# NSX engine bay



## Senninha (Apr 26, 2008)

Hi,

Recently had a go at sorting the engine bay so thought I would post some pics for you to share

As part of the work I have replaced most of the visible OEM Hond bolts with new stainless hexbolts, a much neater solution IMO

Hope you like the results

regards, Paul


----------



## denzilpc (May 13, 2008)

nice one pal !!!!!!


----------



## pampos (Mar 15, 2008)

nice work..Now it is time to show the pictures of the entire car : )


----------



## Streeto (Apr 3, 2008)

OMFG, you have an NSX!!!! They are awesome...wanna give me a ride sometime ??? (not literally me )


----------



## M4D YN (Nov 24, 2007)

i want a honda now


----------



## ELBOW GREASE (Sep 1, 2008)

:thumb::doublesho


----------



## pampos (Mar 15, 2008)

M4D YN said:


> i want a honda now


i have tow of them but an Accord and a Civic....I hope when they grow up to become an NSX ....
It is an amazing car....i hope one day i could manage to buy one(it is good to have dreams) :thumb:


----------



## pugben (Jun 23, 2008)

looks good, did you clean the alternator or is the car almost brand new. if you cleaned it how did you get rid of the aluminum rust spots


----------



## chris l (Mar 5, 2007)

Looks good.now to see the whole car :wave:


----------



## Rowan83 (Aug 21, 2007)

Wow, NSX!!

Any pics of the whole car mate?


----------



## pampos (Mar 15, 2008)

Come on....Show the car man!!!!


----------



## catgroom (Apr 17, 2007)

*.*

Yeah get snapping biiiiiiiiiatch!


----------



## mattjonescardiff (Dec 12, 2006)

Respect is due! Engine bay looks superb, congratulations.


----------



## Senninha (Apr 26, 2008)

pugben said:


> looks good, did you clean the alternator or is the car almost brand new. if you cleaned it how did you get rid of the aluminum rust spots


Hi,

The NSX was 11 yrs old in August! The alternator was refurbed thanx to Mr Dremmel and some autosol cream.
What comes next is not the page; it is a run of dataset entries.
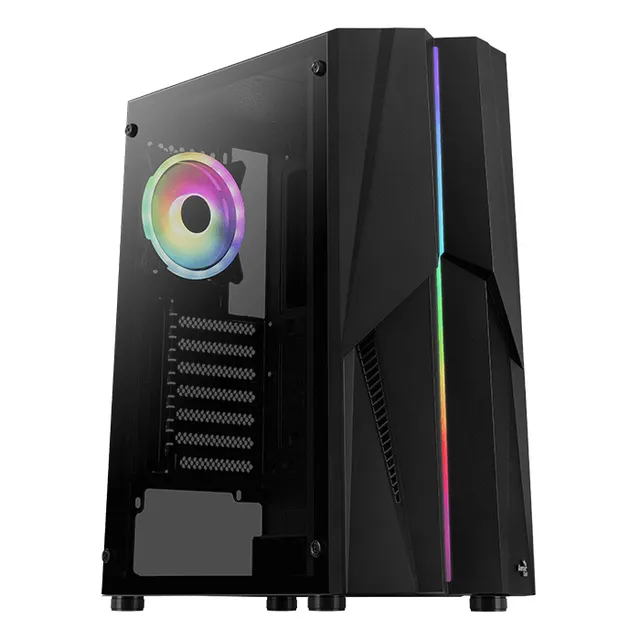 Mecha ARGB - Tempered Glass Edition - MDT - ATX - Chassi - Tower - Svart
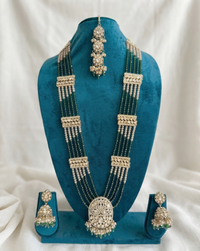 Emerald Nawabi Heritage Multi-Layered Long Set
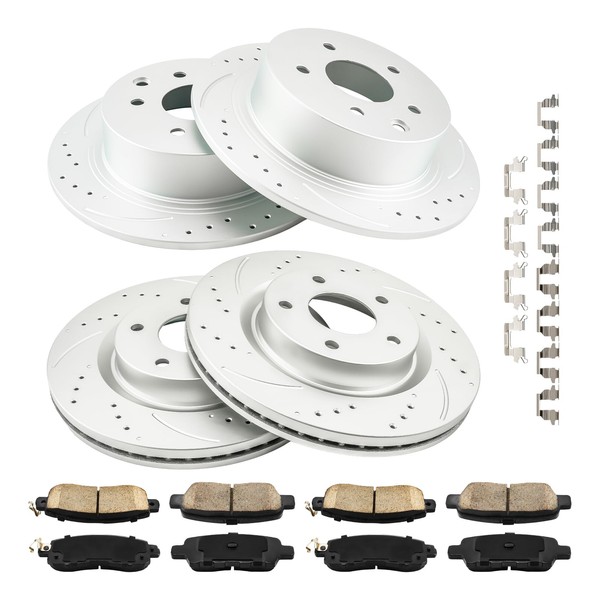 Torchbeam Front and Rear Brake Pad & Rotor Kit Brake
I've attached some new photo's of interior and exterior for all who have asked :thumb:

Can someone either copy and load them or tell me how I can load actual photo's please (I'm not very computer pc!)

Hope you like them!

Regards, Paul


----------



## Maggi200 (Aug 21, 2009)

Nice! And a manual with a type r gearnob? Very classy. Loving the boot spoiler too. How hard was it to get to the engine bay?


----------



## Senninha (Apr 26, 2008)

maggi112 said:


> Nice! And a manual with a type r gearnob? Very classy. Loving the boot spoiler too. How hard was it to get to the engine bay?


Thanx for the compliments. The spoiler is one of several nice Carbon parts I've added to the car over the years.

The engine bay was actually quite easy with the engine cover and the triangle brace removed ... which was handy as I was replacing them with upgraded and lighter parts anyway

regards


----------



## Shiny (Apr 23, 2007)

Absolutely superb! My favourite car (well that and a 1980's AM V8..)

One day i'll have one to make my Honda trio complete....[/dream]


----------



## goo (Oct 10, 2009)

The dark wheels look really good with that body colour.


----------



## KleenChris (Apr 4, 2008)

Fantastic car and great work :thumb:


----------



## rtjc (Apr 19, 2009)

mmm NSX, thats beautiful!


----------



## Ducky (Mar 19, 2007)

Very nice, always liked the NSX as you don't see many around and it looks like you have a cracking example there fella! :thumb:


----------



## pdv40 (Sep 11, 2008)

That certainly doesn't look like an 11 year old car, a real credit to you :thumb:


----------



## Tom_O (Jul 1, 2008)

Such a rare car, and that looks spot on.


----------



## Sparrow'90 (Jul 19, 2009)

Niicee!!


----------